The number of unincorporated self-employed is down, according to a report by one small business advocacy group.
That conclusion came in the 2016 economic outlook report by the Chief Economist of the Small Business and Entrepreneurship Council.
Raymond J. Keating (pictured) reported that the number of self-employed is an important indication of the status of startups and entrepreneurship. It’s one of several signals that the U.S. economy’s recovery has not been robust since the Great Recession. It’s also one of several reasons that the economic outlook for 2016 is one of “diminished expectations” unless U.S. policy changes, he said.
Keating cited figures showing the number of self-employed that are unincorporated businesses dropped in the past month. But significantly, he noted that the number is more than one million lower than pre-recession numbers in 2006:
“After a big bump up in October, the number of unincorporated self-employed dropped in November. The November level stood at 9.423 million. That was down from the intra-year high registered at 9.97 million in May; down from 9.543 million in November of last year; and far removed from the pre-recession high of 10.86 million registered in December 2006. Meanwhile, incorporated self-employed (with data not seasonally adjusted) came in at 5.692 million in November 2015, which was up compared to 5.585 in November of last year; and 5.037 million in November 2010. However, this latest month’s numbers were down versus 5.872 million in November 2008 and 5.835 million in November 2007.”

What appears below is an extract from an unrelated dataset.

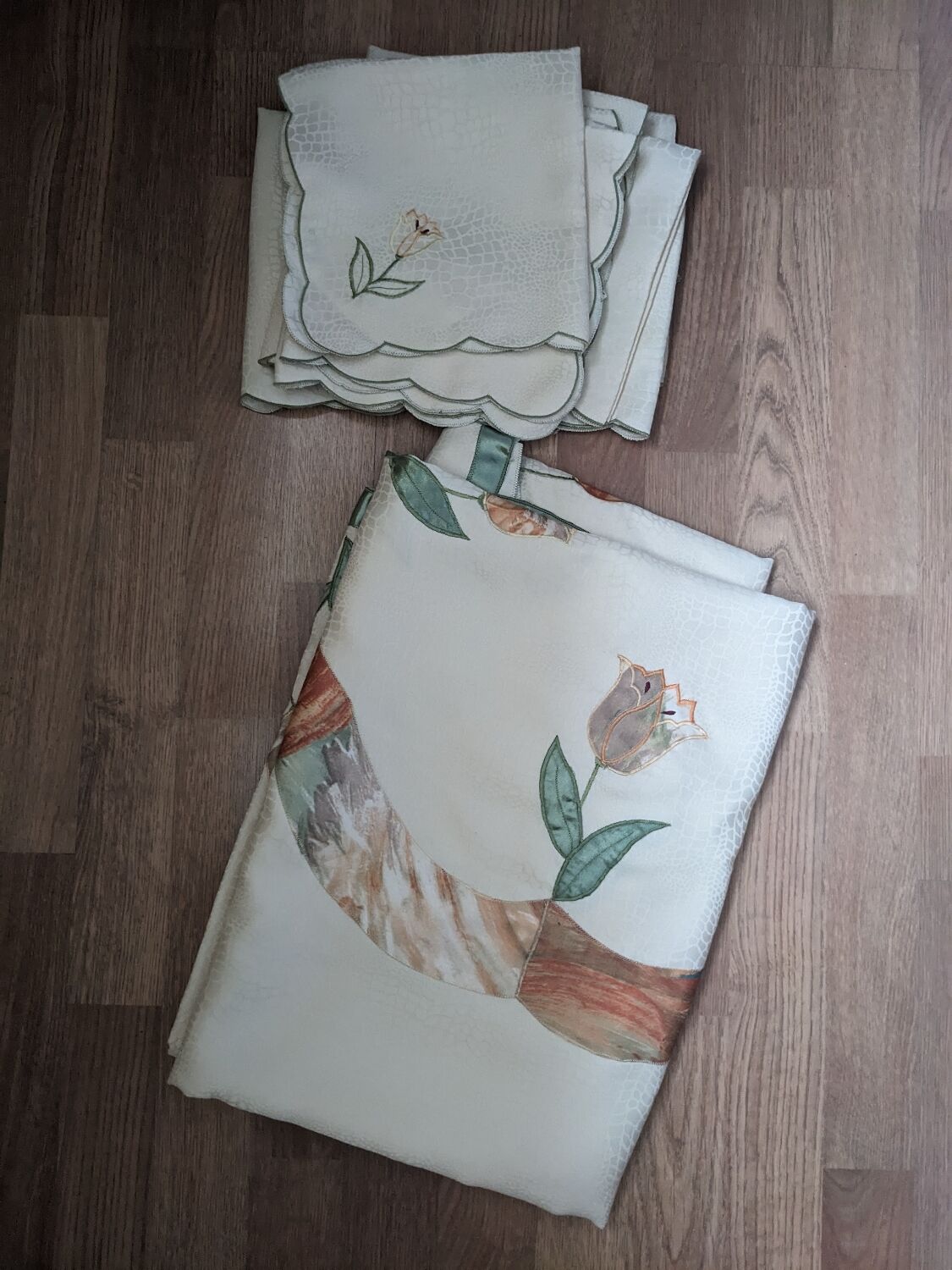 Tablecloth and napkins with a spring theme, vintage tulips, new polyester.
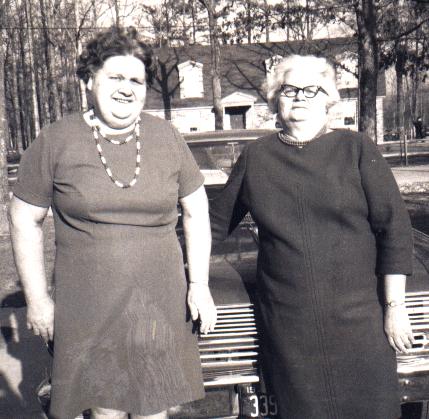 Esther Iola Keech Tetterton (August 5th, 1910-November 17th, 1998)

According to Keating’s report, economic growth comes from entrepreneurs who take risks and invest in the economy.
Recent policies have raised costs and diminished the incentives to take risks and invest, said the report. Policies that increase costs include regulations in the areas of labor, EPA, healthcare and lending. Other contributors include higher taxes; abandonment of free trade; monetary policy that has added uncertainty to businesses and investors; and government spending and debt.
This report follows on figures covered last month by Professor Scott Shane. They suggest the number of new businesses employing others also has dropped.
Citing figures from the U.S. Census Bureau’s Business Dynamics Statistics (BDS) database, Professor Shane called the number of new businesses that employ others and create jobs “disappointing.” He noted:
“The figures show a disturbing trend. Americans are creating companies with paid employees at roughly half the rate they did 35 years ago. New employer firms accounted for 16.5 percent of all employer firms in 1977, but only 8.0 percent in 2013. In 1977, Americans founded 2.6 new employers for every thousand people. By 2013 that rate was down to 1.29.”
Remember, the groups Keating and Shane point to are two different types of classifications of small businesses. In one sense, it’s like comparing apples and oranges. However, viewed together the data isn’t all that positive about entrepreneurship and small business growth.